About 180 politicians and businessmen have been sent to San Vittore, sped in police cars past the now permanent battery of press and television cameramen stationed outside the main gate. Present inmates include Gabriele Cagliari, president of the state-owned energy giant ENI, and Francesco Paolo Mattioli, finance chief and number three in Fiat.

The VIPs are housed, as long as there is room, in wing 6, side B, but they are treated the same as the rest. They are allowed to wear their own clothes and some stick to shirts and jackets but many, it is said, prefer more comfortable track suits. They are allowed to spend up to pounds 200 a month on food and other comforts at the prison store.

They can also have food sent in by their families - but roast chicken and veal are banned because they could conceal knives or files. So are champagne and lobsters - 'lobster claws are dangerous', says the prison's young and active governor, Luigi Pagano.

Few care to talk publicly afterwards about their experiences, which were doubtless deeply shocking for people who enjoyed power, social status, a luxurious lifestyle and often a sense of immunity to the laws that govern ordinary mortals.
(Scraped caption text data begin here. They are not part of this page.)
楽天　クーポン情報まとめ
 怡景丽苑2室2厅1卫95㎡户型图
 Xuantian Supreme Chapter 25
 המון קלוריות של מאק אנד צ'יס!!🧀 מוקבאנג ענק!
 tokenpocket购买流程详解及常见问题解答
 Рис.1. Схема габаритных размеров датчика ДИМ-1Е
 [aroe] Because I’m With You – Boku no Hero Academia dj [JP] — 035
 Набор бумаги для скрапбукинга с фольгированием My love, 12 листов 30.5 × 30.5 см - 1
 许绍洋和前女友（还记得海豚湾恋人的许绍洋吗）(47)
'Once inside they realise they have lost everything and will probably never regain the position in society they once held, regardless of what happens,' says Mr Pagano. One Christian Democrat politician admitted, however, that it had been an important experience for him to be dragged back into the real world. 'It's a kennels certainly,' Mr Pagano says. 'But where were you politicians and you journalists when we were denouncing the situation for years?'

Now the government is planning to increase the staff and create new prisons or reopen old ones to tackle overcrowding. It also plans longer-term reforms.

A nasty experience for Enzo Carra, who was once Italy's counterpart to Bernard Ingham, is also changing things for less well-known prisoners. He was recently brought into court having had to run the gauntlet of television cameras and photographers with his hands in irons. As a result of the ensuing outcry the government is planning to replace irons with less visible, lightweight handcuffs.